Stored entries
=== Section Start ===
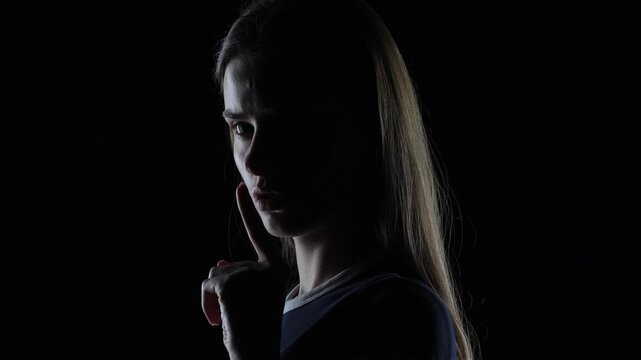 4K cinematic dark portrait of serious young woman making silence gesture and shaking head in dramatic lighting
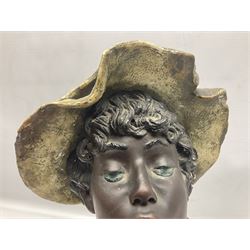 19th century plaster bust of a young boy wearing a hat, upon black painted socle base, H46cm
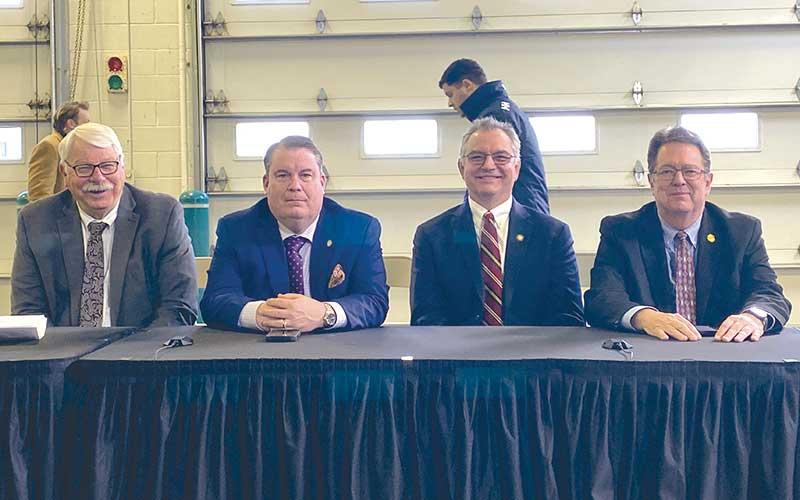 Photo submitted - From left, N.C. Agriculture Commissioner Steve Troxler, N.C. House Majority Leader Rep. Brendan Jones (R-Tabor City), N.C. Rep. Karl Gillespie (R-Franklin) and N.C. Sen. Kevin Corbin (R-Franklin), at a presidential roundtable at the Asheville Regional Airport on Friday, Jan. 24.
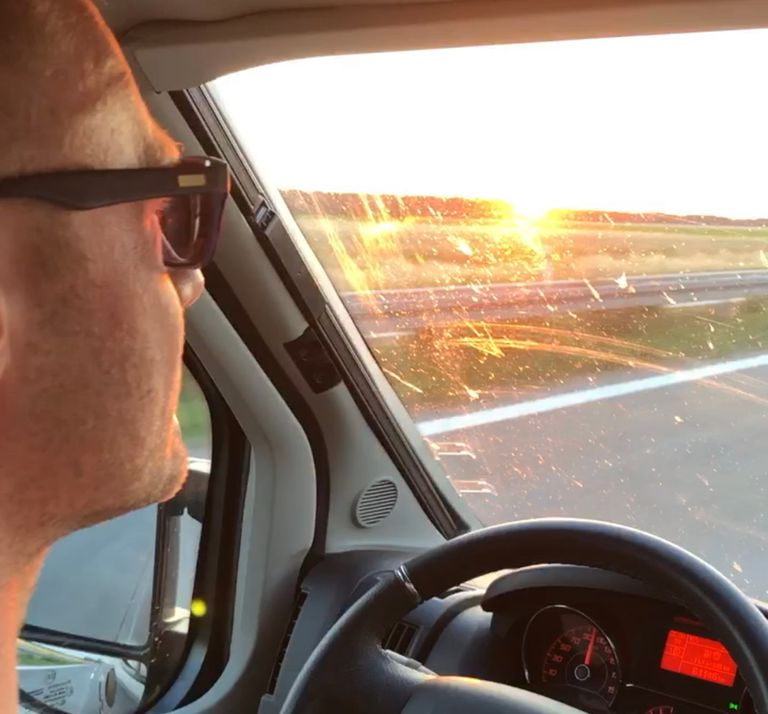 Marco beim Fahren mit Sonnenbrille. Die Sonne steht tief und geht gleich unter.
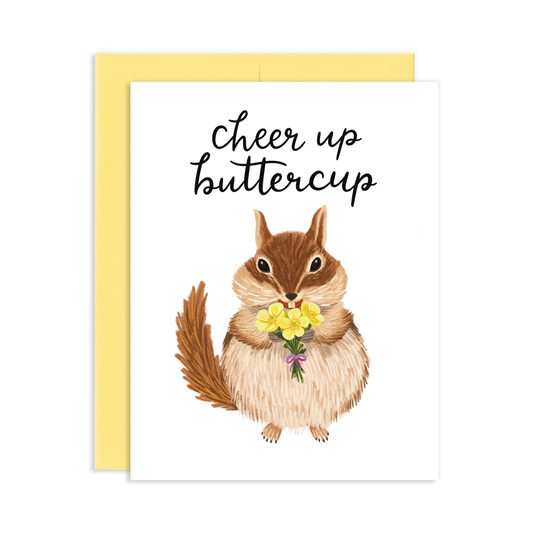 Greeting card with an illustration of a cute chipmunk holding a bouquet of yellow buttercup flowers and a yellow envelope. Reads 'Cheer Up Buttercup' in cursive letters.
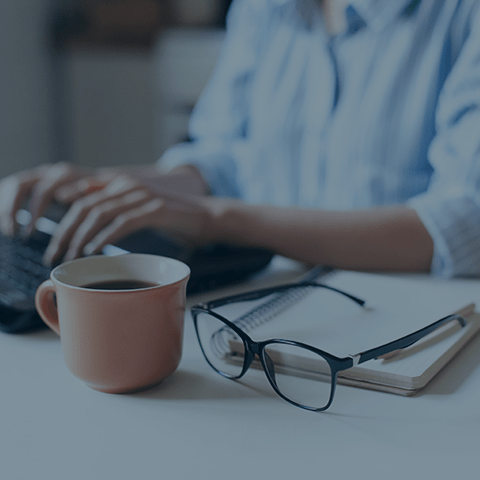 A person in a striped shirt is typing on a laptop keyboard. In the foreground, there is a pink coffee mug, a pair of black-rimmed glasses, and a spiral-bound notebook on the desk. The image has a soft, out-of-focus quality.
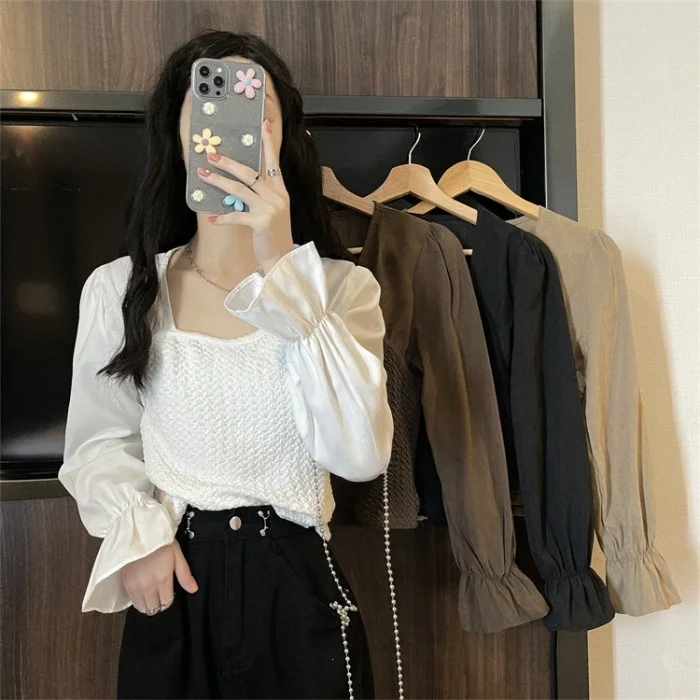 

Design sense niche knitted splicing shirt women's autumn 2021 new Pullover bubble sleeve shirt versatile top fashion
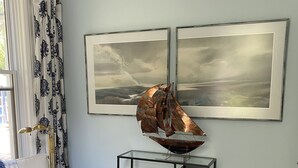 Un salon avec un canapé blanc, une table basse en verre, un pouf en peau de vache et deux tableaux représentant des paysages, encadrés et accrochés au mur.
=== Section End ===
**Exercise description:**
Output only the lines running from the top of the data above to the line with "19th century plaster", inclusive, word for word and without pictures.

**Exercise solution:**
 4K cinematic dark portrait of serious young woman making silence gesture and shaking head in dramatic lighting
 19th century plaster bust of a young boy wearing a hat, upon black painted socle base, H46cm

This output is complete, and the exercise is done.